Of course, with some 370 million indigenous peoples in over 90 countries, Tia recognizes the enormity of the task. But more projects like these in local communities could really make a difference in ensuring that vast culture sets are not lost.
“Since the scope of our project is wide, and the ethnic groups are numerous, it’s not easy to tap into a number of groups at the same time that would support our project,” he says. “So what we plan to do is tap on a single indigenous group first and make it our subject to further the development of our project. One of the major challenges is of course the expenses to conduct outreach programs with these groups.”
The Blockchain Unabridged Indigenous Language Database
The biggest undertaking using blockchain by Indigen so far is its B.U.I.L.D. project (Blockchain Unabridged Indigenous Language Database). “We are using distributed ledger technology (DLT) as the repository of data due to the immutable nature of blockchain and the ability to time stamp information and to keep track of historical records,” he says.
“Furthermore, once the data have been recorded on the blockchain, we will apply Artificial Intelligence (AI) or machine learning technologies to allow real time translations between native languages or tribal dialects. This way, we hope to bridge the gap between various tribes and eliminate the thought of cultural differences and language barriers. Through BUILD, we hope to gain back the interest of the younger generation and help preserve their unique identity. Besides the preservation of cultures, arts and languages on the blockchain, I believe another crucial feature that needs to be incorporated is a unique identity system specific to the indigenous people.”
Creating a Unique Digital Identity
For endangered peoples the true key to their preservation beyond historical artifacts or languages, as Tia points out, is the construction of a digital identity that can facilitate everyday needs such as cross-border tracking and financial transactions.
One compelling story emerging for the Marshall Islands is the development of the sovereign (SOV), a digital national currency. It’s currently being developed by SFB Technologies using Algorand technology.
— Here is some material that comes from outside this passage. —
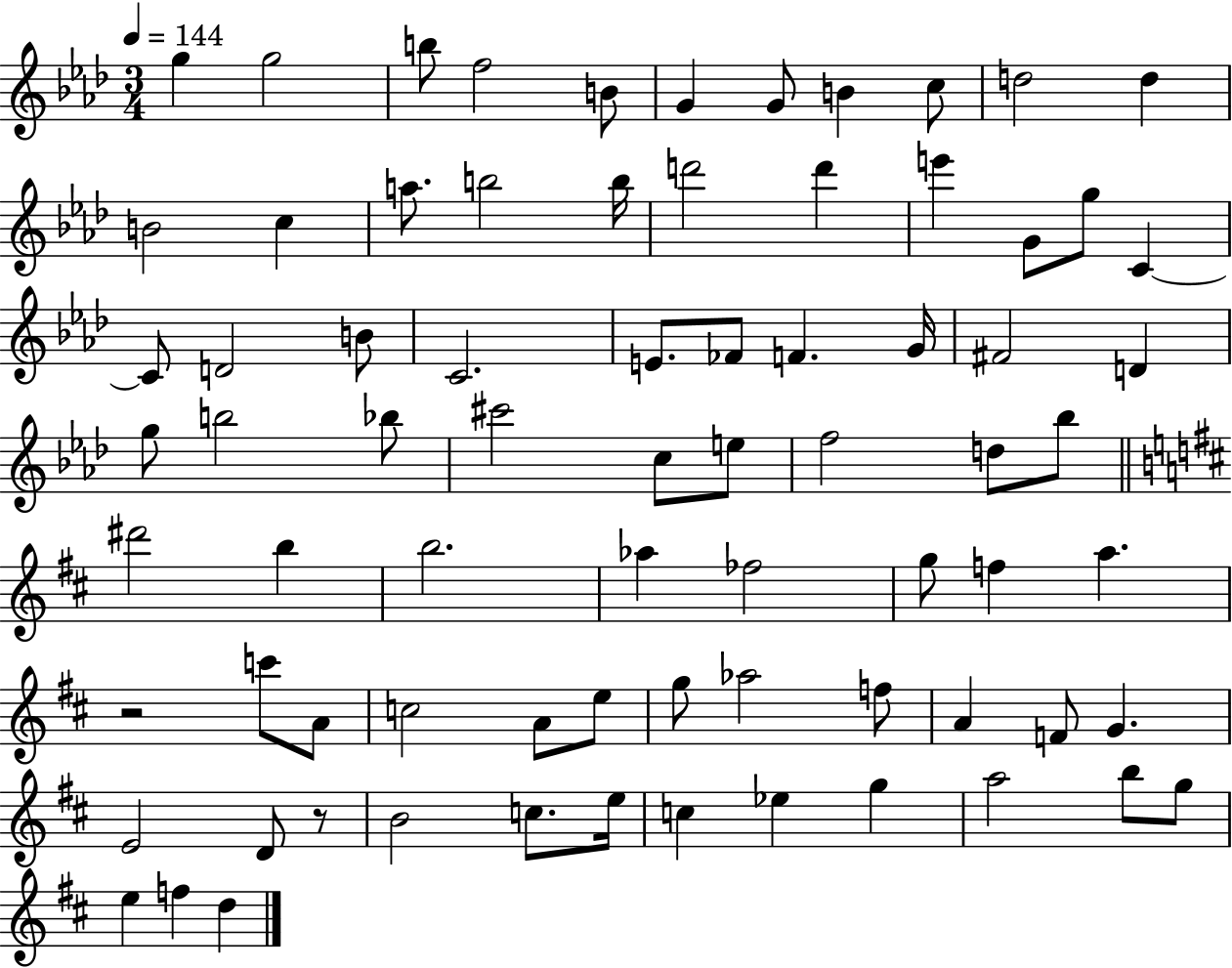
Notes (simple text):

G5/q G5/h B5/e F5/h B4/e G4/q G4/e B4/q C5/e D5/h D5/q B4/h C5/q A5/e. B5/h B5/s D6/h D6/q E6/q G4/e G5/e C4/q C4/e D4/h B4/e C4/h. E4/e. FES4/e F4/q. G4/s F#4/h D4/q G5/e B5/h Bb5/e C#6/h C5/e E5/e F5/h D5/e Bb5/e D#6/h B5/q B5/h. Ab5/q FES5/h G5/e F5/q A5/q. R/h C6/e A4/e C5/h A4/e E5/e G5/e Ab5/h F5/e A4/q F4/e G4/q. E4/h D4/e R/e B4/h C5/e. E5/s C5/q Eb5/q G5/q A5/h B5/e G5/e E5/q F5/q D5/q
The Marshallese have previously used the U.S. dollar as the national currency.
SFB Founder Barak Ben-Ezer is immensely enthusiastic about the SOV as legal tender. “I think this could be the model for the future of money,” he states.
But the SOV isn’t just another form of currency, or even cryptocurrency. Through its blockchain, it provides a way of preserving the Marshallese’ financial and political sovereignty and digital identities beyond the physical limitations of their lands. Anyone transacting in SOV will receive a digital identity on the blockchain “like a digital passport that allows you to hold and trade on SOV” says Ben-Ezer.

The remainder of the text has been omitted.